3. The Police registered an offence and started the investigation. It appears that the Police recorded some of the statements including that of said Lalchand Yadav.
Page 0029
4. The applicants would submit that on the basis of the agreement of sale dated 30.3.1999, which was purportedly executed by said Lalchand in favour of applicant No. l, she filed a civil suit (Special Civil Suit No. 99/2006) in the Court of Civil Judge (S.D.), Jalna for relief of specific performance and injunction. The injunction was sought not only against said Lalchand but also adjoining property owners by name Deepak Kundanlal Rathi and Shivratan Rathi as well as the applicant No. l. The Civil Court granted temporary injunction in favour of applicant No. 2 in the said suit. The civil litigation is still pending before the competent Court.

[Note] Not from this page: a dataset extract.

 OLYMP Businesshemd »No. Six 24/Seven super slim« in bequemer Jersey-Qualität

5. According to the applicants, false complaint is lodged by the Respondent No. 3 in respect of the agreement of sale (Taba Isar Pawati). They alleged that the F.I.R.is without any foundation and, therefore, is liable to be quashed. They further alleged that investigation into the F.I.R. and eventually any prosecution is likely to cause unnecessary harassment to them. That would amount to abuse of process of law. Consequently, they urged to quash the F.I.R. and consequent investigation.
6. The Respondent No. 3 has filed counter affidavit alleging that he is in actual possession of the open plot bearing CTS No. 4076 over which the applicants are trying to make an illegal claim. It is submitted by the Respondent No. 3 that the complaint is truth bearing and the applicants are trying to misuse a totally fabricated and false document. It is contended that signature of said Lalchand is forged and the so-called agreement of sale, relied upon by applicant No. 2 in her Special Civil Suit No. 99/2006, is outcome of fraud and conspiracy between the applicants inter se. It is asserted that the Criminal Law is set in motion with bonafide intention to protect the rights available to the Respondent No. 3 and to bring on surface the forgery committed by the applicants in relation to the so-called agreement of sale dated 30.3.1999.

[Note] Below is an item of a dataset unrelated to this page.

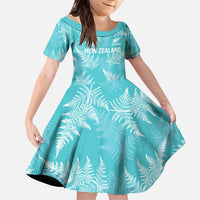 New Zealand Silver Fern Rugby Custom Family Matching Mermaid Dress and Hawaiian Shirt Go Aotearoa Champions Turquoise Version - Polynesian Pride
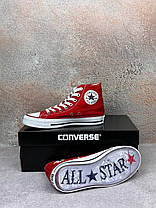 Жіночі кеди Converse All Star Red High Конверс високі на платформі червоного кольору текстиль демісезон, фото 6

7. Heard Mrs. Kalpalata Patil Bharaswadkar, learned advocate for the applicants, Mr.Umakant Patil, learned A.P.P. for the State and Mr.A.S.Bajaj, learned advocate for Respondent No. 3.
8. At the threshold, let it be noted that the Respondent No. 3 claims to have agreed to purchase the disputed open plot from members of Jaiswal family under an agreement executed by them in his favour. Said members of Jaiswal family claimed their rights on the basis of a sale transaction entered into with one Vithal Ramesh Agrawal, who is said to be Special Power of Attorney Holder of Lalchand Yadav. Needless to say, the applicant No. 2 Meerabai as well as Respondent No. 3 -Nandkishor claim their rights through the same previous owner, namely, Lalchand Yadav.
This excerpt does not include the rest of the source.